In the movie White Palace, Nora Baker, played by Susan Sarandon, painfully evades the busybodies of a Jewish household for hours.

In the movie White Palace, Nora Baker, played by Susan Sarandon, painfully evades the busybodies of a Jewish household for hours.

She drinks herself motherless and even steals a smoke in the bathroom. They all want to know what on earth stud Max Baron, played by James Spader, sees in the old bag.

Tired of the cold war, she comes clean. She tells them she shags Baron's brains out.

"I gave him a blow job," she tells a very unimpressed matrimonial type who retaliates: "I bet you did".

Baker hits back: "I bet you don't."

The moral? Don't be nasty to strangers. They might not give you the other cheek. I call it quiet insurgence. Call it what you will, but it lies dormant in most of us - until your actions ask for a counter blow.

I was reminded of the movie because my foreigner date and I were on our first date, minding our business, when along came some losers.

"Scel'ieshi", they asked for a lighter. After taking forever to light their cheap, loose cigarettes, they mockingly asked if my date would mind them keeping the lighter?

Maybe before the xenophobic mania, the statement would have flown past, but now such utterances mean war. We both jumped up and the minute they saw his soldier shoulders and my moustache, they backed off and asked under their breaths what I saw in him?

"Is the sex that good sister?" I knew "sister" was a euphemism for traitor.

"Better than anything I've experienced around these shores before," I said.

Their ashen faces! You would think I had castrated them.

If you are going to have the nerve to unleash revolting questions, you had better have the balls for the consequence.

So when my new bride friend asked for my two cents' worth on her new role recently, I gave her my theorem of reciprocation counsel because she's getting married into a traditional Xhosa family in Bizana, Eastern Cape. There are six brothers, their six wives and their 17 kids, some of whom have their own snotty kids.

And since my exile-born friend has no idea about the capacity of in-laws' abuse, I armed her. Why? Because one 16-year-old bride from the same village was worked to the ground, literally. They say it was a backache, and I say it was slave driving.

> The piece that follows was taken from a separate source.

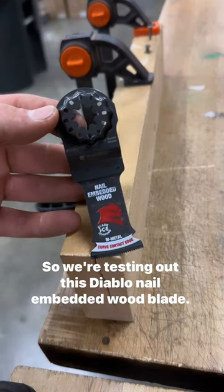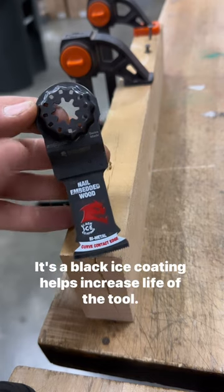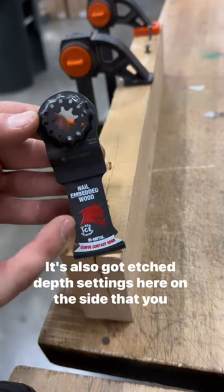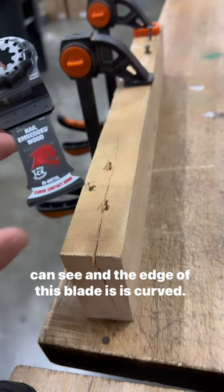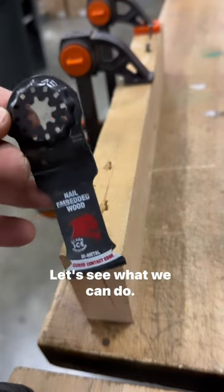We're testing out this Diablo nail-embedded wood blade — it's an OMT blade. It's got some nice features: a black ice coating that helps increase the life of the tool, etched depth settings on the side, and the edge of this blade is curved. That curved edge makes better contact and also keeps your teeth sharper for longer. Let's see what we can do.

The emancipated bride that my friend has since become, came back to say she hadn't planned on executing the plan until she was told to forget about nursing her first-trimester pregnancy. The chores were to become her new baby. She was to wake up at 4am, feed the chickens, make fire in a Welcome Dover that had not been used in over 10 years, and basically make a frog sing first soprano.

The first breakfast began with a crocodile prayer followed by that famous look of contempt. I don't understand in-laws who treat their makotis like enemies, and not expect revenge.

The elders demanded tea, freshly-baked bread, biscuits, bush tea and cocoa, why is the milk cold? brown sugar? the works.

Frustrated out of her skull, she watched as they greedily gulped this and scooped that. Nothing was right and they all questioned her with frowns on their faces.

She said: "In case you are wondering why your drinks taste like a sangoma's concoction, let me put you at ease. You've had a combination of coffee, milk, cocoa, bush tea, tea and something more disgusting.

"Until you learn to treat me with respect, you may never know what else was in there."

Some call it a reversal of roles. I call it the taming of the shrew.